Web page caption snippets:
+ + + + +

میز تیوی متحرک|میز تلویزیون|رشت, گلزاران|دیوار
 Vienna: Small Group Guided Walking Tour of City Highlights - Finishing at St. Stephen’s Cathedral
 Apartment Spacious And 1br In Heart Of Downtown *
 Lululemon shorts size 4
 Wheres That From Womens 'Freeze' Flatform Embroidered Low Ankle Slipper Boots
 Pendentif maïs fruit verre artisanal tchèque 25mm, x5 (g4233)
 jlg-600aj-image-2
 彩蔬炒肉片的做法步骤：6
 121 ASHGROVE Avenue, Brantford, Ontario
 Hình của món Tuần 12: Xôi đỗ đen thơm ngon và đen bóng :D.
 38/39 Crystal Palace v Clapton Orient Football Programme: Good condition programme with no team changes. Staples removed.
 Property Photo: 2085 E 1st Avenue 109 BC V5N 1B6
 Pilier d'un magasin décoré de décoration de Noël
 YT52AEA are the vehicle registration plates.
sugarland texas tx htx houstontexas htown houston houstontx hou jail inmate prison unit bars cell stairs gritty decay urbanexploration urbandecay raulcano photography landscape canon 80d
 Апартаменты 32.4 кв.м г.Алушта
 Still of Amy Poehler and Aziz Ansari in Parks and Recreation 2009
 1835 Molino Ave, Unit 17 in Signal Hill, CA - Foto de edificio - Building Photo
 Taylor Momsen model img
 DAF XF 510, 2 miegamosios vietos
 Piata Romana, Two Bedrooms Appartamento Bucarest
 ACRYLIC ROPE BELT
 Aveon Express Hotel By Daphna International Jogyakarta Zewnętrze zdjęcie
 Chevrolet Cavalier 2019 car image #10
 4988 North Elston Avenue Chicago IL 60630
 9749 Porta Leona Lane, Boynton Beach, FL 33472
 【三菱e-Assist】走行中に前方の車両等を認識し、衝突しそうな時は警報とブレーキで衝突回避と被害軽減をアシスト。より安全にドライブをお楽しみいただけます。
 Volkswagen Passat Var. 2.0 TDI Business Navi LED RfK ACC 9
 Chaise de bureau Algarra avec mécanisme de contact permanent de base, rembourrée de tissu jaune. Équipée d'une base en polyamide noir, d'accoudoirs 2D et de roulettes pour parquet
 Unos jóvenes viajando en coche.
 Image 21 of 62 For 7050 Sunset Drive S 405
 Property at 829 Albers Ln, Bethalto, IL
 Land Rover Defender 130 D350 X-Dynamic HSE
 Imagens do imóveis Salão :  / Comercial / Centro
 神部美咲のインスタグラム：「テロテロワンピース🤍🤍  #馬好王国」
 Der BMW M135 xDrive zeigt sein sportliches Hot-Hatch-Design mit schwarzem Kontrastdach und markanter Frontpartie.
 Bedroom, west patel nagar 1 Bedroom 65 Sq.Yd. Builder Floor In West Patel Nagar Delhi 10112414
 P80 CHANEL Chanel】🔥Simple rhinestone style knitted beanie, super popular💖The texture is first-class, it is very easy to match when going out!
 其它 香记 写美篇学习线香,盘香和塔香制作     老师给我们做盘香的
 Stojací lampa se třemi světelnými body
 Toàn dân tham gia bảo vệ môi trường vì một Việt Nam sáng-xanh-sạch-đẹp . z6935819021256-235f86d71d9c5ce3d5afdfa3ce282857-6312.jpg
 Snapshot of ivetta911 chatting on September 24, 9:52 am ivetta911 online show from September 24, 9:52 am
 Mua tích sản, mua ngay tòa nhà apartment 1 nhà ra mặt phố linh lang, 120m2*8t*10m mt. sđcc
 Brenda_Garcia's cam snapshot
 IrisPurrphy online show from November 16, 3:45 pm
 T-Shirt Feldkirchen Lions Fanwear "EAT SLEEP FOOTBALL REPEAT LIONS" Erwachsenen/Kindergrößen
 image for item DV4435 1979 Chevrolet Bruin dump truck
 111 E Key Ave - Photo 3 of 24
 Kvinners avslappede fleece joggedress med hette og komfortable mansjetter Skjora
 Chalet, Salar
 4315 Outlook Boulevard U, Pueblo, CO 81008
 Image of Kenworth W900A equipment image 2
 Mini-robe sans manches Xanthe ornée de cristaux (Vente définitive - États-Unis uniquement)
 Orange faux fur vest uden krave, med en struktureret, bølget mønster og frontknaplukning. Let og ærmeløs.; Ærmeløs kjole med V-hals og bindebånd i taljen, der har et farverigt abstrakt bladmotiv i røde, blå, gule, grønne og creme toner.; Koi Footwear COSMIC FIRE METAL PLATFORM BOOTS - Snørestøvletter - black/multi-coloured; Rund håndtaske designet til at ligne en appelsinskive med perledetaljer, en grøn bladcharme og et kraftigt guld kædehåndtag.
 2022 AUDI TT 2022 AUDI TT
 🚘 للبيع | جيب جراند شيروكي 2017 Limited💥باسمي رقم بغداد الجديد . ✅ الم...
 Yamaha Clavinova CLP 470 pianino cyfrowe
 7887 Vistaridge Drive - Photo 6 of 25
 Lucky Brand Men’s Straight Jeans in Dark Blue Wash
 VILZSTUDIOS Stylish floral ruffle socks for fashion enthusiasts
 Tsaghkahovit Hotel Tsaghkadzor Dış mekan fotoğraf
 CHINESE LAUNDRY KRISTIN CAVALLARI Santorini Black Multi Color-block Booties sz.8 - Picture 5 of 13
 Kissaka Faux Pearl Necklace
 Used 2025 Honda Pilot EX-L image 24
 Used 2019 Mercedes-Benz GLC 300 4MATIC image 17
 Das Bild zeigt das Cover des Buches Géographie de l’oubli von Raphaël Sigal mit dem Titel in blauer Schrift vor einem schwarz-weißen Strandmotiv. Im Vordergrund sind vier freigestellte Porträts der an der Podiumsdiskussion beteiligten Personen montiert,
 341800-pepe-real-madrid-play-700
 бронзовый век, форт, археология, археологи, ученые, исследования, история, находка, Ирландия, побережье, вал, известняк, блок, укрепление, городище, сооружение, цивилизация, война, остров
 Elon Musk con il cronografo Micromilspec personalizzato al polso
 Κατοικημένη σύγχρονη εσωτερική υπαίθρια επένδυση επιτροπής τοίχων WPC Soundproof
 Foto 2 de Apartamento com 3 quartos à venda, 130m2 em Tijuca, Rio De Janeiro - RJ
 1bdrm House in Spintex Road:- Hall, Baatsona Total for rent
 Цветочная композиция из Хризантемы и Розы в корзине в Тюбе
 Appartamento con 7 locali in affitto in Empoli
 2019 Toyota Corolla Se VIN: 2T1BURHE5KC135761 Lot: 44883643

+ + + + +

The task: Every entry should be printed again exactly as it stands.

Output for this exercise:
میز تیوی متحرک|میز تلویزیون|رشت, گلزاران|دیوار
 Vienna: Small Group Guided Walking Tour of City Highlights - Finishing at St. Stephen’s Cathedral
 Apartment Spacious And 1br In Heart Of Downtown *
 Lululemon shorts size 4
 Wheres That From Womens 'Freeze' Flatform Embroidered Low Ankle Slipper Boots
 Pendentif maïs fruit verre artisanal tchèque 25mm, x5 (g4233)
 jlg-600aj-image-2
 彩蔬炒肉片的做法步骤：6
 121 ASHGROVE Avenue, Brantford, Ontario
 Hình của món Tuần 12: Xôi đỗ đen thơm ngon và đen bóng :D.
 38/39 Crystal Palace v Clapton Orient Football Programme: Good condition programme with no team changes. Staples removed.
 Property Photo: 2085 E 1st Avenue 109 BC V5N 1B6
 Pilier d'un magasin décoré de décoration de Noël
 YT52AEA are the vehicle registration plates.
sugarland texas tx htx houstontexas htown houston houstontx hou jail inmate prison unit bars cell stairs gritty decay urbanexploration urbandecay raulcano photography landscape canon 80d
 Апартаменты 32.4 кв.м г.Алушта
 Still of Amy Poehler and Aziz Ansari in Parks and Recreation 2009
 1835 Molino Ave, Unit 17 in Signal Hill, CA - Foto de edificio - Building Photo
 Taylor Momsen model img
 DAF XF 510, 2 miegamosios vietos
 Piata Romana, Two Bedrooms Appartamento Bucarest
 ACRYLIC ROPE BELT
 Aveon Express Hotel By Daphna International Jogyakarta Zewnętrze zdjęcie
 Chevrolet Cavalier 2019 car image #10
 4988 North Elston Avenue Chicago IL 60630
 9749 Porta Leona Lane, Boynton Beach, FL 33472
 【三菱e-Assist】走行中に前方の車両等を認識し、衝突しそうな時は警報とブレーキで衝突回避と被害軽減をアシスト。より安全にドライブをお楽しみいただけます。
 Volkswagen Passat Var. 2.0 TDI Business Navi LED RfK ACC 9
 Chaise de bureau Algarra avec mécanisme de contact permanent de base, rembourrée de tissu jaune. Équipée d'une base en polyamide noir, d'accoudoirs 2D et de roulettes pour parquet
 Unos jóvenes viajando en coche.
 Image 21 of 62 For 7050 Sunset Drive S 405
 Property at 829 Albers Ln, Bethalto, IL
 Land Rover Defender 130 D350 X-Dynamic HSE
 Imagens do imóveis Salão :  / Comercial / Centro
 神部美咲のインスタグラム：「テロテロワンピース🤍🤍  #馬好王国」
 Der BMW M135 xDrive zeigt sein sportliches Hot-Hatch-Design mit schwarzem Kontrastdach und markanter Frontpartie.
 Bedroom, west patel nagar 1 Bedroom 65 Sq.Yd. Builder Floor In West Patel Nagar Delhi 10112414
 P80 CHANEL Chanel】🔥Simple rhinestone style knitted beanie, super popular💖The texture is first-class, it is very easy to match when going out!
 其它 香记 写美篇学习线香,盘香和塔香制作     老师给我们做盘香的
 Stojací lampa se třemi světelnými body
 Toàn dân tham gia bảo vệ môi trường vì một Việt Nam sáng-xanh-sạch-đẹp . z6935819021256-235f86d71d9c5ce3d5afdfa3ce282857-6312.jpg
 Snapshot of ivetta911 chatting on September 24, 9:52 am ivetta911 online show from September 24, 9:52 am
 Mua tích sản, mua ngay tòa nhà apartment 1 nhà ra mặt phố linh lang, 120m2*8t*10m mt. sđcc
 Brenda_Garcia's cam snapshot
 IrisPurrphy online show from November 16, 3:45 pm
 T-Shirt Feldkirchen Lions Fanwear "EAT SLEEP FOOTBALL REPEAT LIONS" Erwachsenen/Kindergrößen
 image for item DV4435 1979 Chevrolet Bruin dump truck
 111 E Key Ave - Photo 3 of 24
 Kvinners avslappede fleece joggedress med hette og komfortable mansjetter Skjora
 Chalet, Salar
 4315 Outlook Boulevard U, Pueblo, CO 81008
 Image of Kenworth W900A equipment image 2
 Mini-robe sans manches Xanthe ornée de cristaux (Vente définitive - États-Unis uniquement)
 Orange faux fur vest uden krave, med en struktureret, bølget mønster og frontknaplukning. Let og ærmeløs.; Ærmeløs kjole med V-hals og bindebånd i taljen, der har et farverigt abstrakt bladmotiv i røde, blå, gule, grønne og creme toner.; Koi Footwear COSMIC FIRE METAL PLATFORM BOOTS - Snørestøvletter - black/multi-coloured; Rund håndtaske designet til at ligne en appelsinskive med perledetaljer, en grøn bladcharme og et kraftigt guld kædehåndtag.
 2022 AUDI TT 2022 AUDI TT
 🚘 للبيع | جيب جراند شيروكي 2017 Limited💥باسمي رقم بغداد الجديد . ✅ الم...
 Yamaha Clavinova CLP 470 pianino cyfrowe
 7887 Vistaridge Drive - Photo 6 of 25
 Lucky Brand Men’s Straight Jeans in Dark Blue Wash
 VILZSTUDIOS Stylish floral ruffle socks for fashion enthusiasts
 Tsaghkahovit Hotel Tsaghkadzor Dış mekan fotoğraf
 CHINESE LAUNDRY KRISTIN CAVALLARI Santorini Black Multi Color-block Booties sz.8 - Picture 5 of 13
 Kissaka Faux Pearl Necklace
 Used 2025 Honda Pilot EX-L image 24
 Used 2019 Mercedes-Benz GLC 300 4MATIC image 17
 Das Bild zeigt das Cover des Buches Géographie de l’oubli von Raphaël Sigal mit dem Titel in blauer Schrift vor einem schwarz-weißen Strandmotiv. Im Vordergrund sind vier freigestellte Porträts der an der Podiumsdiskussion beteiligten Personen montiert,
 341800-pepe-real-madrid-play-700
 бронзовый век, форт, археология, археологи, ученые, исследования, история, находка, Ирландия, побережье, вал, известняк, блок, укрепление, городище, сооружение, цивилизация, война, остров
 Elon Musk con il cronografo Micromilspec personalizzato al polso
 Κατοικημένη σύγχρονη εσωτερική υπαίθρια επένδυση επιτροπής τοίχων WPC Soundproof
 Foto 2 de Apartamento com 3 quartos à venda, 130m2 em Tijuca, Rio De Janeiro - RJ
 1bdrm House in Spintex Road:- Hall, Baatsona Total for rent
 Цветочная композиция из Хризантемы и Розы в корзине в Тюбе
 Appartamento con 7 locali in affitto in Empoli
 2019 Toyota Corolla Se VIN: 2T1BURHE5KC135761 Lot: 44883643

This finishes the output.